Bone marrow endothelial cells sustain a tumor-specific CD8 T cell subset with suppressive function in myeloma patients.

Oncoimmunology 2019;8(1):e1486949. Epub 2018 Oct 22.

Department of Biomedical Sciences and Human Oncology, Unit of Internal Medicine "Guido Baccelli", University of Bari Medical School, Bari, Italy.

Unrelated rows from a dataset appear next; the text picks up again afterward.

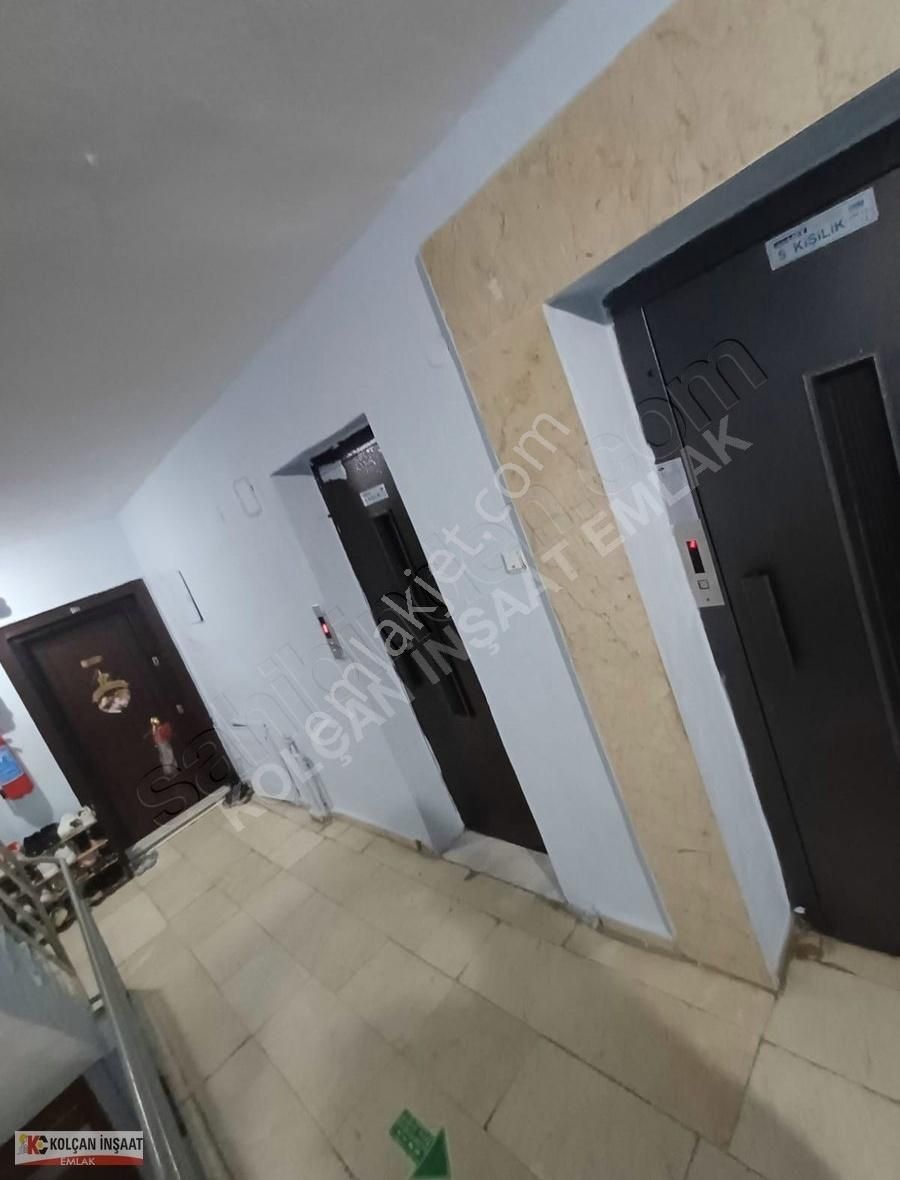 Kolçan Emlak'tan Diş Hastanesi Yakını 3+1 Satılık Daire - Görsel 16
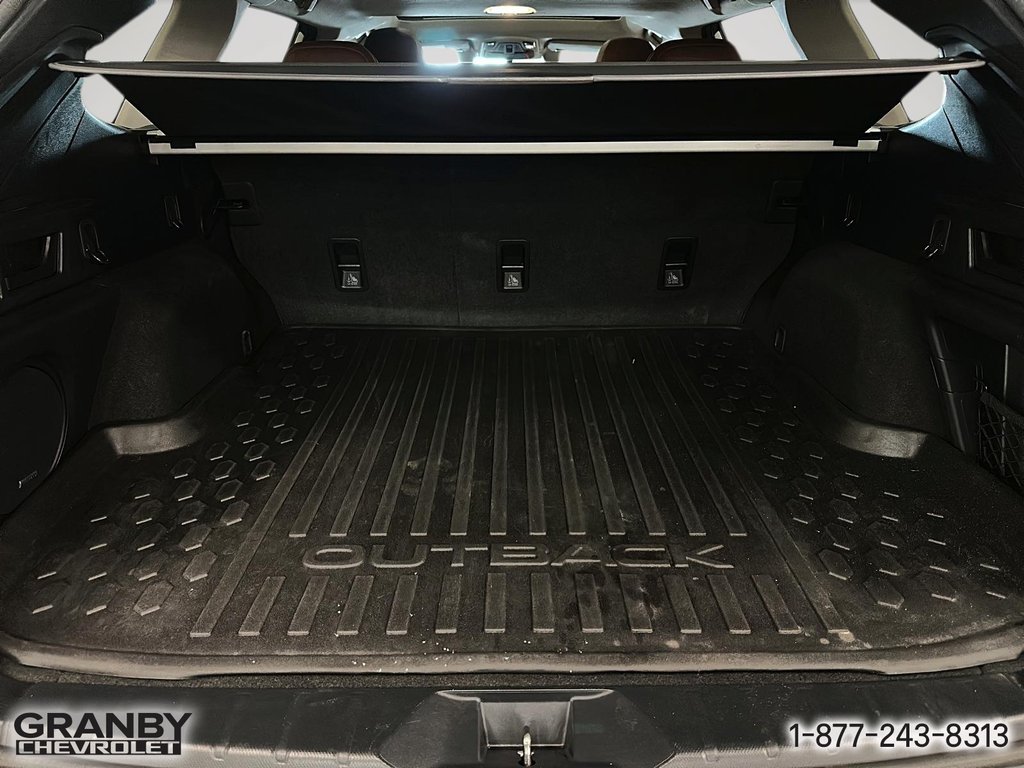 2021 Subaru Outback in Granby, Quebec - 9 - w1024h768px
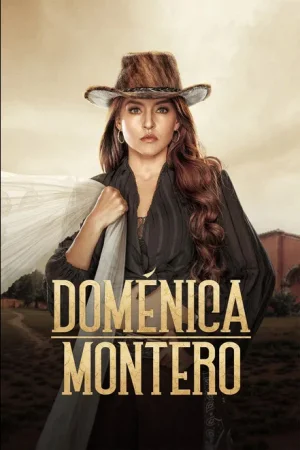 Domenika Montero 1 Sezonas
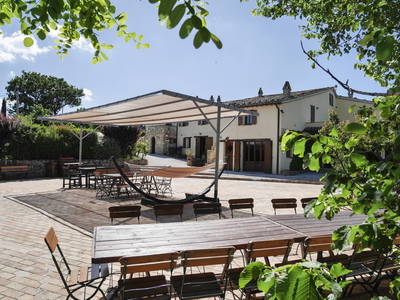 Bild 8 aus  Colle del Lupo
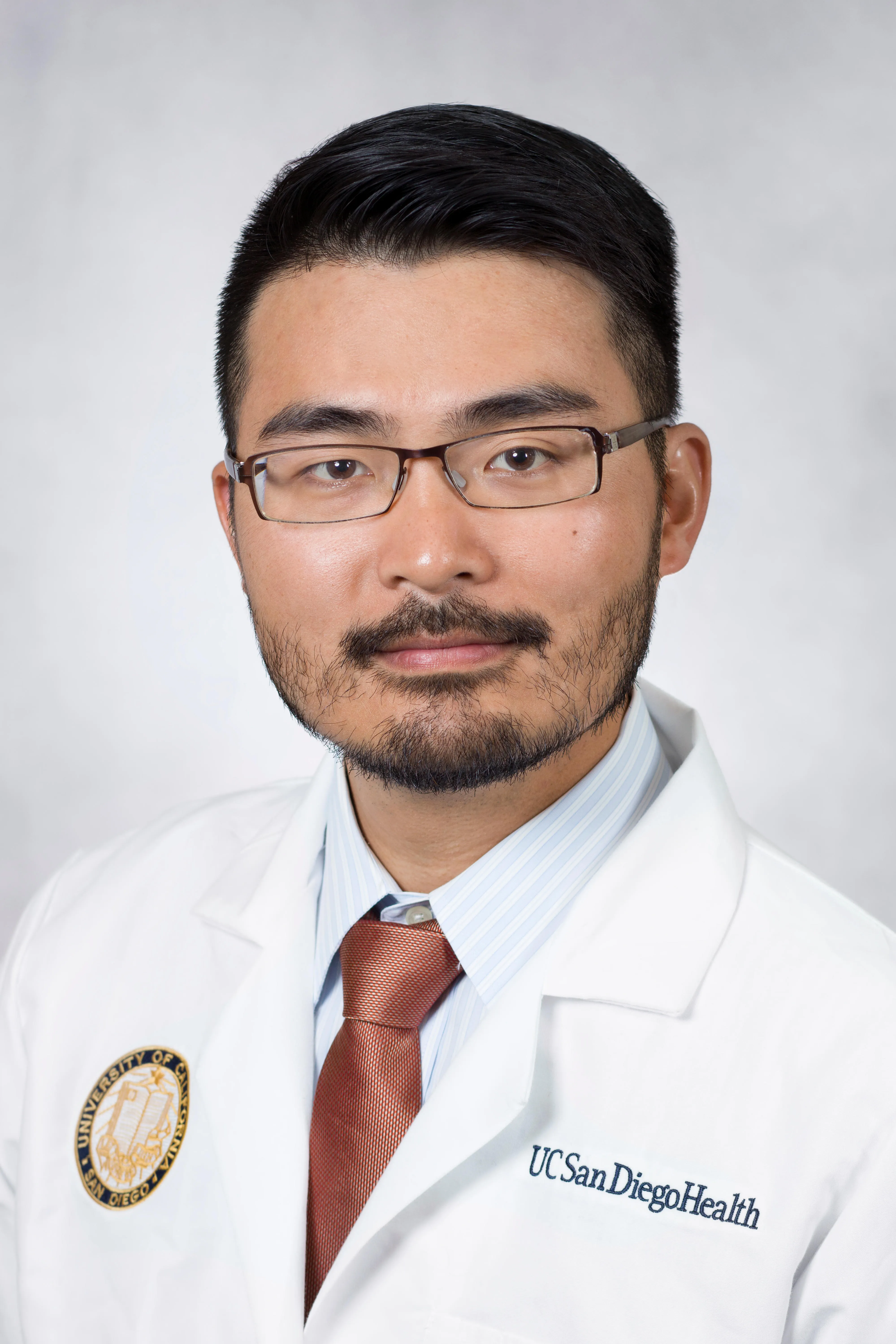 Dr. Alan John Hsu, MD - La Jolla, CA - Neurology, Psychiatry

Endothelial cells (EC) line the bone marrow microvasculature and are in close contact with CD8 T cells that come and go across the permeable capillaries. Because of these intimate interactions, we investigated the capacity of EC to act as antigen-presenting cells (APC) and modulate CD8 T cell activation and proliferation in bone marrow of patients with multiple myeloma (MM) and monoclonal gammopathy of undetermined significance. We found that EC from MM patients show a phenotype of semi-professional APC given that they express low levels of the co-stimulatory molecules CD40, CD80 and CD86, and of the inducible co-stimulator ligand (ICOSL). In addition, they do not undergo the strong switch from immunoproteasome to standard proteasome subunit expression which is typical of mature professional APC such as dendritic cells. EC can trap and present antigen to CD8 T cells, stimulating a central memory CD8 T cell population that expresses Foxp3 and produces high amounts of IL-10 and TGF-β. Another CD8 T cell population is stimulated by professional APC, produces IFN-γ, and exerts antitumor activity. Thus, two distinct CD8 T cell populations coexist in the bone marrow of MM patients: the first population is sustained by EC, expresses Foxp3, produces IL-10 and TGF-β, and exerts pro-tumor activity by negatively regulating the second population. This study adds new insight into the role that EC play in MM biology and describes an additional immune regulatory mechanism that inhibits the development of antitumor immunity and may impair the success of cancer immunotherapy.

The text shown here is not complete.